Published online Dec 21, 2013. doi: 10.3748/wjg.v19.i47.8850
Revised: November 13, 2013
Accepted: November 28, 2013
Published online: December 21, 2013
Hepatocellular carcinoma (HCC) is one of the most common cancers, and is also the leading cause of death worldwide. Studies have shown that cellular reprogramming contributes to chemotherapy and/or radiotherapy resistance and the recurrence of cancers. In this article, we summarize and discuss the latest findings in the area of cellular reprogramming in HCC. The aberrant expression of transcription factors OCT4, KLF4, SOX2, c-MYC, NANOG, and LIN28 have been also observed, and the expression of these transcription factors is associated with unfavorable clinical outcomes in HCC. Studies indicate that cellular reprogramming may play a critical role in the occurrence and recurrence of HCC. Recent reports have shown that DNA methylation, miRNAs, tumor microenvironment, and signaling pathways can induce the expression of stemness transcription factors, which leads to cellular reprogramming in HCC. Furthermore, studies indicate that therapies based on cellular reprogramming could revolutionize HCC treatment. Finally, a novel therapeutic concept is discussed: reprogramming control therapy. A potential reprogramming control therapy method could be developed based on the reprogramming demonstrated in HCC studies and applied at two opposing levels: differentiation and reprogramming. Our increasing understanding and control of cellular programming should facilitate the exploitation of this novel therapeutic concept and its application in clinical HCC treatment, which may represent a promising strategy in the future that is not restricted to liver cancer.

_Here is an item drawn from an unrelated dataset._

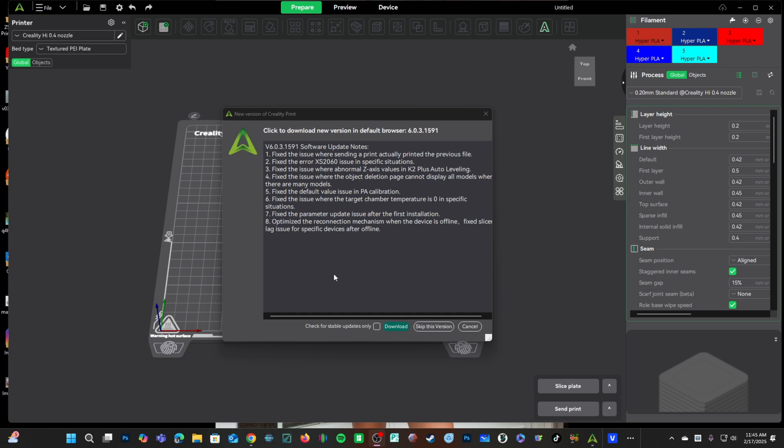Number eight, they optimized the reconnection mechanism when the device is offline. It looks like if you had an offline device that you brought online, there may have been some issues with Creality Print or Creality Cloud noticing that state change and reconnecting to bring that printer online.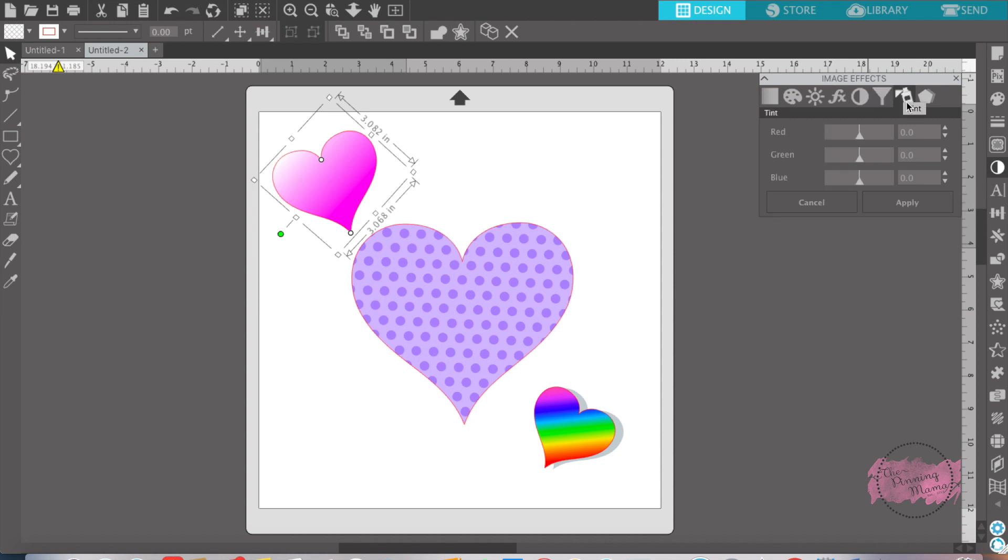The next one is tint. Tint, you can change the red, the green, or the blue in your color to be more red, take out the red, put more green and so forth.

Core tip: Cellular reprogramming contributes to chemoresistance and radioresistance and cancer recurrence in hepatocellular carcinoma (HCC). Recent findings on cellular reprogramming in HCC are summarized and discussed, including stemness transcription factors, DNA methylation, miRNAs, tumor microenvironments, and signaling pathways. The novel therapeutic concept of reprogramming control therapy is also described, which may be a promising strategy for HCC therapy in the future.